Last night, the Duke and Duchess of Cambridge hosted a reception for the U.K.-Africa Investment Summit on behalf of Queen Elizabeth. They were joined by Prince William’s aunt Princess Anne, his uncle Prince Edward, and Edward’s wife, Sophie, Countess of Wessex. Small talk was made among royals, businessmen, and dignitaries. Official portraits were taken. Speeches about the importance of international relations were made. And somewhere, high above the Atlantic, Prince Harry was on his way to Canada to start his new life far away from Buckingham Palace.
While the Duke and Duchess of Sussex announced their wish to step back as senior royals on January 8, they still hoped to remain, well, part of the institution. “After many months of reflection and internal discussions, we have chosen to make a transition this year in starting to carve out a progressive new role within this institution,” they wrote. “We intend to step back as ‘senior’ members of the Royal Family and work to become financially independent while continuing to fully support Her Majesty the Queen.”
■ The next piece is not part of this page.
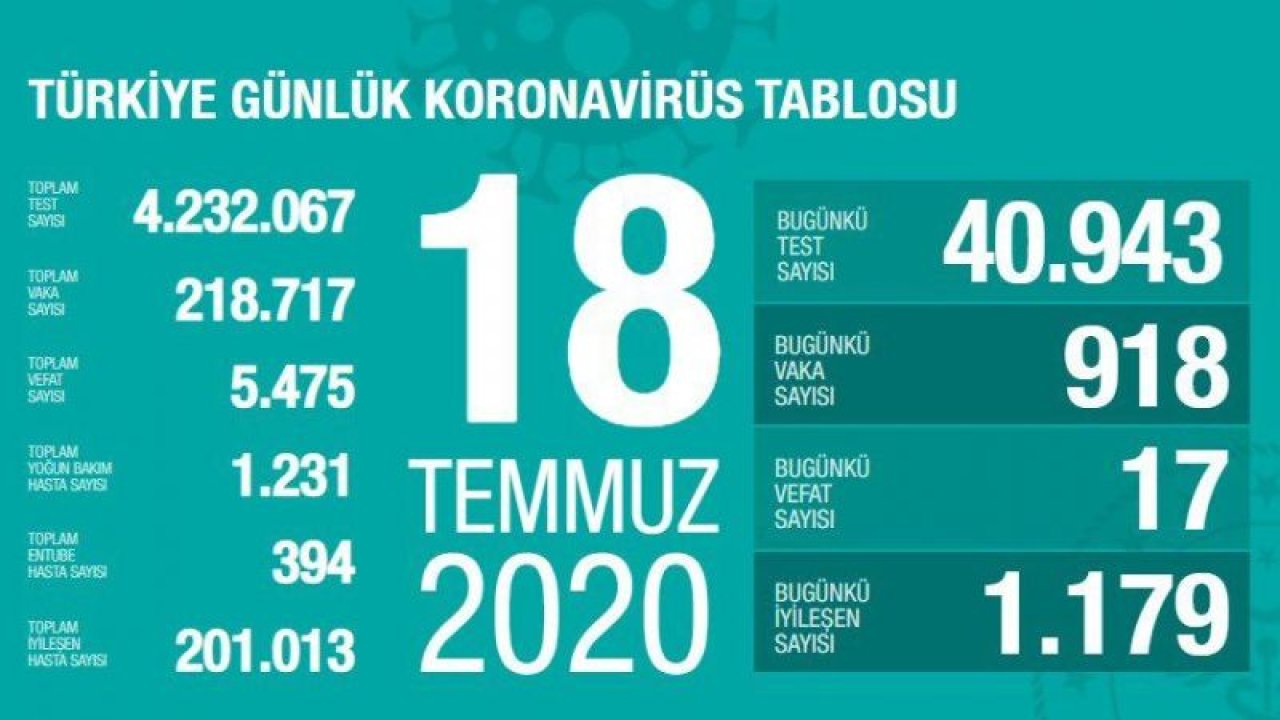 Son 24 saatte korona virüsten 17 kişi hayatını kaybetti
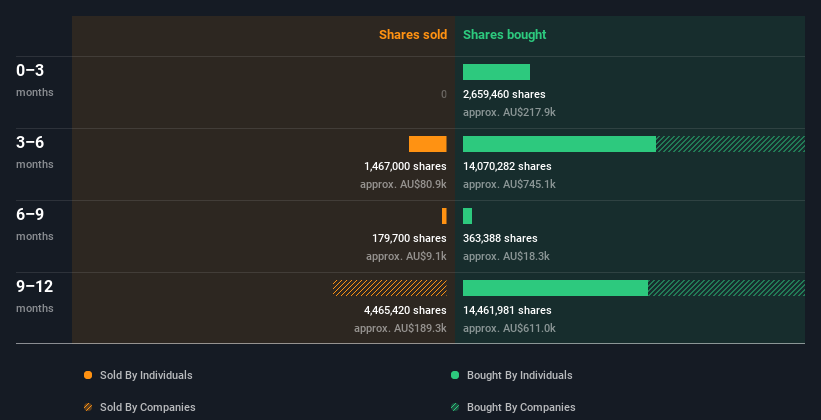 insider-trading-volume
But that was followed by a second statement. If the first was grandmotherly in tone, this one was strictly business. Prince Harry and Meghan Markle would no longer formally represent the queen. They would keep private patronages, but royal duties—such as Harry’s military appointments—and public funds associated with those duties must go. Gone, too, were their “HRH” (his or her royal highness) titles. Although they weren’t technically stripped of them—the royal family likely learned from the days of Princess Diana, when the decision to get rid of her “HRH” after her divorce came across as petty—the couple will not use them, “as they are no longer working members of the Royal Family.” The duke and duchess also wished to repay the Sovereign Grant (which funds official royal expenditures) for the funds spent on the renovation of their home, Frogmore Cottage.
Although some of Buckingham Palace’s statement was in line with the Sussexes’—especially the choice to not take any public money—this didn’t sound like the “progressive new role” they set out for.
The British papers harped on this apparent hard line: “Harry and Meghan cast out,” read a headline in the Sunday Telegraph. “Queen orders a hard Megxit,” said the Sunday Mirror. “They’re Out: Sussexes seal exit deal with the Queen,” heralded the Sunday Times.
Harry shared his disappointment at a private reception for the charity he founded, Sentebale.
“It brings me great sadness that it has come to this,” he said. “What I want to make clear is we’re not walking away, and we certainly aren’t walking away from you. Our hope was to continue serving the Queen, the Commonwealth, and my military associations, but without public funding. Unfortunately, that wasn’t possible.”